Design a Docker Compose file that sets up three containers: a web server, database, and cache. These containers need to communicate with each other properly.

version: '3.8'

services:
  web:
    image: nginx:latest
    ports:
      - "8080:80"
    depends_on:
      - db
      - cache
    networks:
      - app-network

  db:
    image: mysql:5.7
    environment:
      MYSQL_ROOT_PASSWORD: rootpassword
      MYSQL_DATABASE: myapp_db
      MYSQL_USER: user
      MYSQL_PASSWORD: password
    ports:
      - "3306:3306"
    networks:
      - app-network

  cache:
    image: redis:latest
    ports:
      - "6379:6379"
    networks:
      - app-network

networks:
  app-network:
    driver: bridge

The web server (NGINX), database (MySQL), and cache (Redis) containers are part of the same network app-network, allowing them to communicate internally.
The depends_on option ensures that the web container starts after the database and cache containers are ready

2. Scenario: You want to scale your Docker containers dynamically based on the incoming traffic. Write a Python script that utilizes Docker SDK to monitor the CPU usage of a container and automatically scales the number of replicas based on a threshold.
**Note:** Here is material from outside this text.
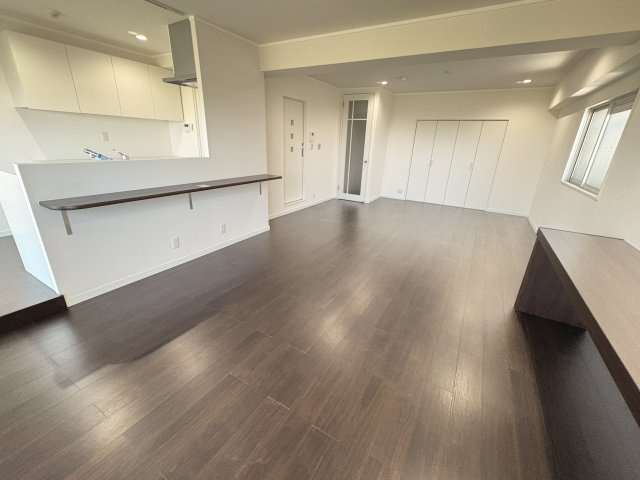 大久保ダイヤハイツの居間・リビング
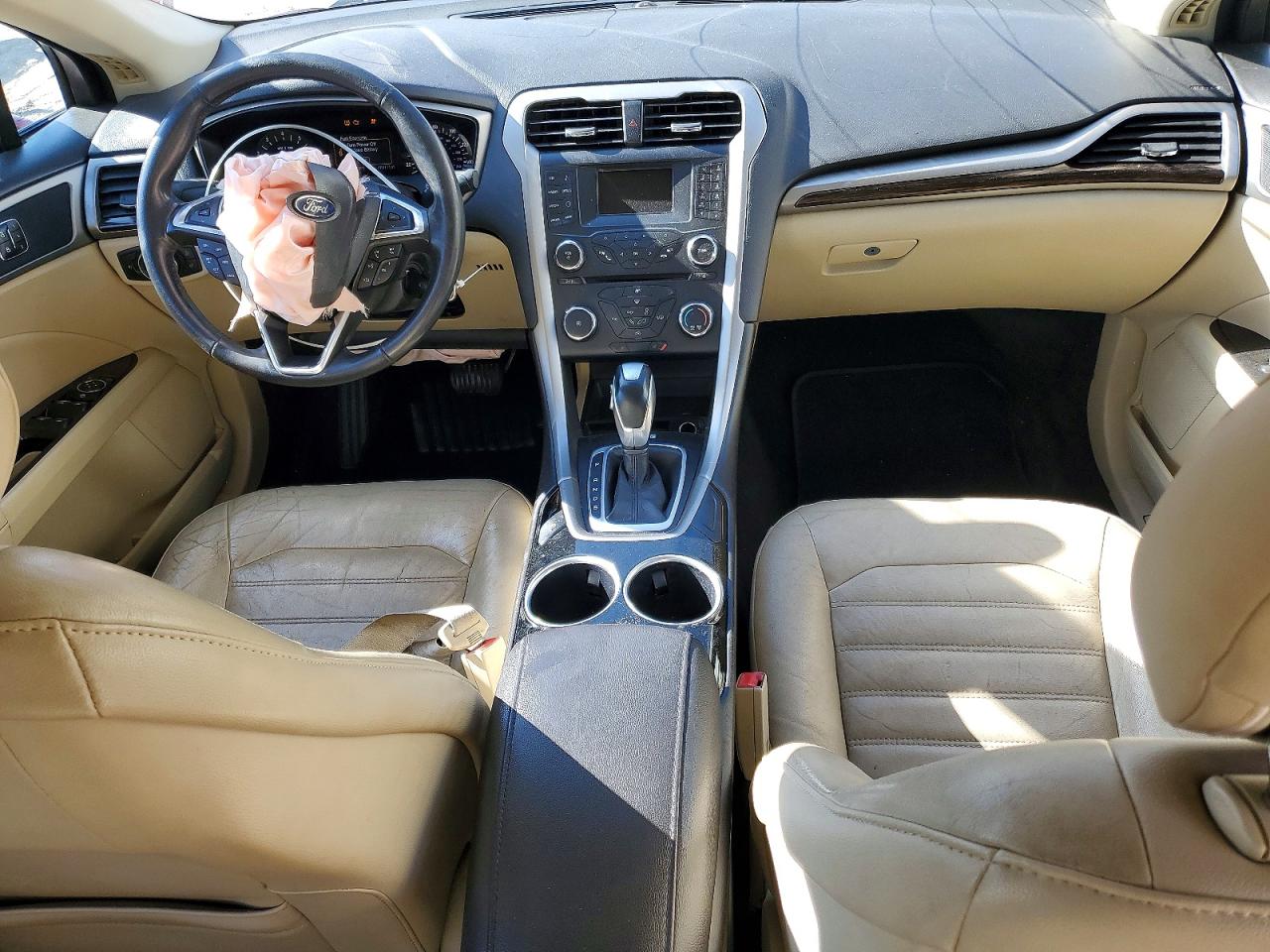 2014 FORD FUSION SE photo 22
Write a Python script that uses the Docker SDK to monitor CPU usage and automatically scale replicas based on a threshold.

import docker
import time

# Initialize Docker client
client = docker.from_env()

def get_container_cpu_usage(container_name):
    container = client.containers.get(container_name)
    stats = container.stats(stream=False)
    cpu_delta = stats['cpu_stats']['cpu_usage']['total_usage'] - stats['precpu_stats']['cpu_usage']['total_usage']
    system_delta = stats['cpu_stats']['system_cpu_usage'] - stats['precpu_stats']['system_cpu_usage']
    num_cpus = len(stats['cpu_stats']['cpu_usage']['percpu_usage'])
    if system_delta > 0.0 and cpu_delta > 0.0:
        cpu_percentage = (cpu_delta / system_delta) * num_cpus * 100.0
        return cpu_percentage
    return 0.0

def scale_service(service_name, replicas):
    service = client.services.get(service_name)
    current_replica_count = service.attrs['Spec']['Mode']['Replicated']['Replicas']
    if current_replica_count != replicas:
        print(f"Scaling service {service_name} to {replicas} replicas...")
        service.update(mode={'Replicated': {'Replicas': replicas}})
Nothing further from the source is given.